The difference is in how childbirth happens – and how frequently it can mean death for a developing country woman. Had I been a poor woman in a developing country, the chances are good that neither me nor my twins would have survived. The lifetime chance of dying from maternal causes is one in 61 for women in developing country. The same risk has a probability of 1 in 2800 in the developed world (PRB, 2005) . Wherever they live, rich women benefit from better health and pre-natal care that greatly improve their chances for safe delivery. But childbirth can still be a terrifying experience.

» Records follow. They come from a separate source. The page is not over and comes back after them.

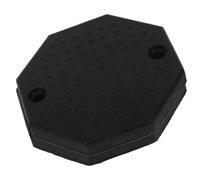 HAPINARY 2pcs Car Lift Pads Rubber round Anti-slip Post Lift Ramp Pads Easy Installation for Auto Service Shop and Vehicle Maintenance Environments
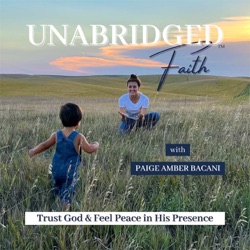 UNABRIDGED FAITH™, Biblical Mindset, Motherhood, Encouragement, Rest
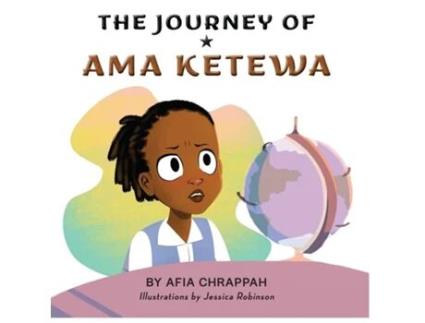 Livro The Journey of Ama Ketewa de Afia Chrappah (Inglês)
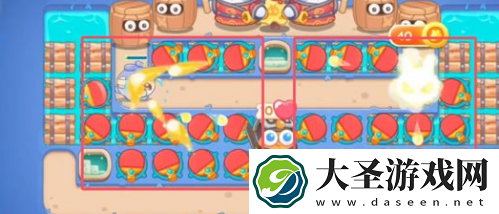 保卫萝卜4万圣奇妙夜第12关过关攻略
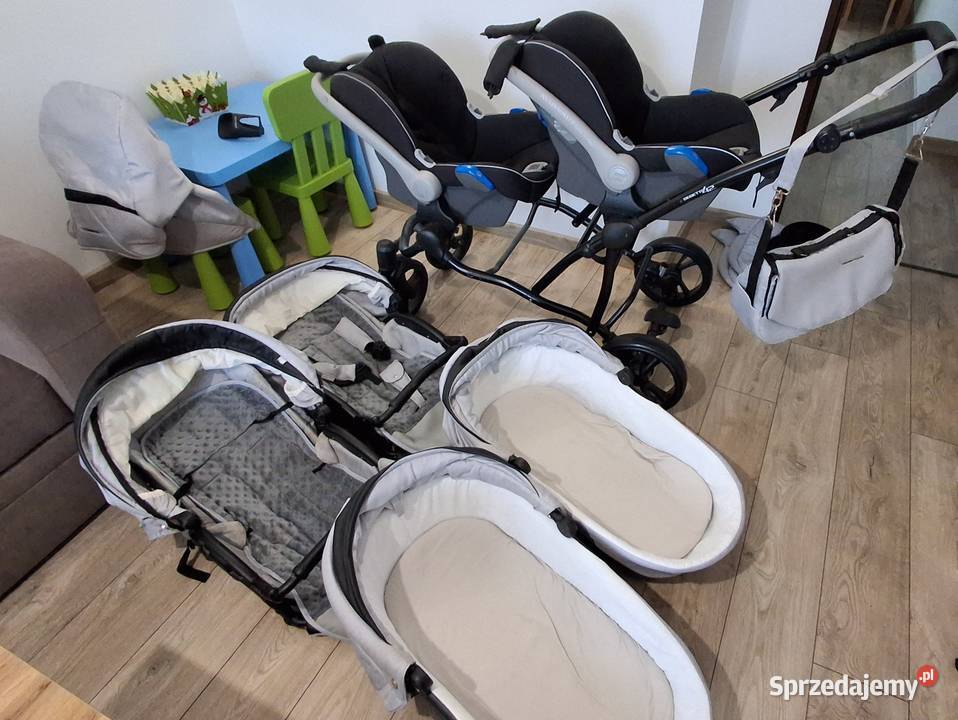 Wózek Bebetto 3w1 Kruchowo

To see a graphic example, watch the video on maternal health from the Survival series produced by BBC News. It tells the stories of women in Bangladesh through pregnancy, childbirth and the first years of their children’s live, and the challenges that they face during this critical, yet vulnerable period in their lives. The full 10-part series is continuing through the end of November on BBC TV and available in short videos. Here’s the series schedule:

4 October - Survival: Neglected Tropical Diseases
11 October - Survival: Sleeping Sickness
18 October - Survival: Malaria
25 October - Survival: Maternal Health
8 November - Survival: Child Survival
15 November - Survival: HIV/TB
22 November - Survival: Acute Respiratory Infections
29 November - Survival: Worms
29 November - The World Debate: Survival Health Debate

Former CGD resident fellow, Jeremy Shiffman, has written frequently on how to achieve greater political priority to maternal health and advances in measuring and responding to maternal health conditions are being made. You can read a Q&A with Jeremy based on his recent presentation at WHO and access his Lancet paper here.

The recent maternal mortality initiatives are gratifying, but they seem awfully distant from that experience in the operating room with lights, beeping instruments and technicians. Even further from the childbirth experience of poor women in developing countries.